Suejin Chung claims that paintings are expressive media of structural and objective observations of human consciousness rather than a display of emotions. Furthermore, she states that the flow of consciousness is not random, but travels through dimensions in a logical, geometric pattern. Chung’s works require strictly scientific analysis surpassing ordinary method of perception and thereupon simultaneously recognize possibilities and limits of human consciousness. Chung explains this through “Budozi” theory, one of the most innovative contemporary visual theories mostly based on Eastern philosophies. Her works have been exhibited in many galleries and institutions representing Korean contemporary art including National Museum of Modern and Contemporary Art, Korea, Art Sonje, Seoul Museum of Art, Taipei Fine Art Museum, Project space Sarubia.
Melvin Moti is a Dutch artist living and working in Rotterdam, Netherlands, and this is his first time exhibiting in Korea. Moti creates 35mm films, installations, and various two-dimensional and three-dimensional objects that explore human consciousness and visual culture in reductionist methods. Moti finds various narratives in history and science and augments them through contexts functioning as filters to reveal new truths about the mind and perception. “Cluster Illusion” series, a collaboration with Japanese silk-dye master, shown in Mori Art Museum, as well as “Miamalism” and “a Century of Light”, which use time as medium, and photographs from the “Eigengrau (The inner self in outer space)” series will be shown.
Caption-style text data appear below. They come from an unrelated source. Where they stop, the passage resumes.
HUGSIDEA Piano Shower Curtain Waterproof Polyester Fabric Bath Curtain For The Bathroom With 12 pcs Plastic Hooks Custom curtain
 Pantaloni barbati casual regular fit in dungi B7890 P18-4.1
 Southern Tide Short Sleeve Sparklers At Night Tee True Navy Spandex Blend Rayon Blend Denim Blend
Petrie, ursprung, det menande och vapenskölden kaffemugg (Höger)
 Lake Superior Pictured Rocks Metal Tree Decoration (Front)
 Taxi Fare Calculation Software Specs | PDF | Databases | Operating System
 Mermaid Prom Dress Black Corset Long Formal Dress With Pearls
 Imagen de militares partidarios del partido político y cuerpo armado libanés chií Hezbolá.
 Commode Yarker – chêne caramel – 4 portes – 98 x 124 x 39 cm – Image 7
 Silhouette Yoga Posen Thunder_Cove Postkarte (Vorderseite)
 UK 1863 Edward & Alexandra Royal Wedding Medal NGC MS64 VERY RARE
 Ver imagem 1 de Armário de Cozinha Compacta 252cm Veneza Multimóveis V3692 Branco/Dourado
His works have been widely exhibited in institutions such as Venice Biennale, Centre Pompidou, Tate Modern, Palais de Tokyo, and Mori Art Museum.
“雲騰致雨 (Clouds soar up to end in rain)” is a four-character Chinese idiom from the Thousand-Character Classic, explaining a simple meteorological providence of clouds soaring up to come down as rain. Numerous metaphors of clouds, as well as the formation, movement and shapes of clouds the idiom is visualizing, adequately outline Suejin Chung and Melvin Moti’s works and concepts. An electron cloud, in which electrons are regularly dispersed, is the basic unit needed in a chemical reaction. Such model is like the scattered pieces or particles of human consciousness diluted loosely under certain structure and aesthetic choices Chung and Moti have made within their works, in order to induce flexible interaction with the exterior, the audience or different environmental context in this case. The clouds in Melvin Moti’s dyed silk works depict ‘holy’ clouds, which often serve as backgrounds in many Western religious paintings, and the act of seeing constellations from random forms of nebulas (note: direct translation of ‘nebula’ in Korean and Chinese is ‘star cloud’) all direct to states of mass hallucination. Clouds are also frequently referenced in Suejin Chung’s visual theory: “Budozi.” Chung states that consciousness evolves in geometric pattern multi-dimensionally, and this pattern can be visually represented on the ‘“pyramid dialectic” and “dual pentagon” structures. Korean art historian Woobang Kang’s discovery of ‘영기문 靈氣紋 (Yeong-gi mun)’ (note: direct translation is ‘aural pattern’; it refers to the spiral pattern found as basic aesthetic unit in most ancient art, especially Korean art. The pattern’s color and shape variations create different meanings) has inspired Chung’s structures, and the traditional cloud pattern (운문 雲文) is also derived from ‘Yeong-gi mun.’